> _What to do_:
After finding the line with "The gastric crypts" in the entries below, retype exactly each line from there through the line with "The de novo", including that final line.

The data Start Marker

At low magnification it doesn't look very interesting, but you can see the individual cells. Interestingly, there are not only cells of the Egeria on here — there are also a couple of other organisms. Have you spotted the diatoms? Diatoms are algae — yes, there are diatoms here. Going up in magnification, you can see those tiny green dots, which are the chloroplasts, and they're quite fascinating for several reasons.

The data End Marker
The data Start Marker

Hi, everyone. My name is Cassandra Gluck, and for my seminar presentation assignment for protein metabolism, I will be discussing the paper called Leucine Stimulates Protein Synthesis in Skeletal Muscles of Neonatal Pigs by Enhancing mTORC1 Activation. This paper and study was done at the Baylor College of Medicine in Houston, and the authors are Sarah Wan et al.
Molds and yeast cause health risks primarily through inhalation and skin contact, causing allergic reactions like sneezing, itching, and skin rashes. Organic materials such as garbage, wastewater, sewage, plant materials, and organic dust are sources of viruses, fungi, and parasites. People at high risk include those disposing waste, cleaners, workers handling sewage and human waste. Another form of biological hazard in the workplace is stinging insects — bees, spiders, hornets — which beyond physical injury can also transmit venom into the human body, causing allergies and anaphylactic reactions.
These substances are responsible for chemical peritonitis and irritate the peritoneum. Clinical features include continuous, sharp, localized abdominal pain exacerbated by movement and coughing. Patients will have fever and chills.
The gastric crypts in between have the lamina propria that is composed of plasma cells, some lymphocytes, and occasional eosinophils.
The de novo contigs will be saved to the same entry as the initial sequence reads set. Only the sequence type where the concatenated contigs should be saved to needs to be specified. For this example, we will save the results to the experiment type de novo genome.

The data End Marker

> _Response to the task_:
The gastric crypts in between have the lamina propria that is composed of plasma cells, some lymphocytes, and occasional eosinophils.
The de novo contigs will be saved to the same entry as the initial sequence reads set. Only the sequence type where the concatenated contigs should be saved to needs to be specified. For this example, we will save the results to the experiment type de novo genome.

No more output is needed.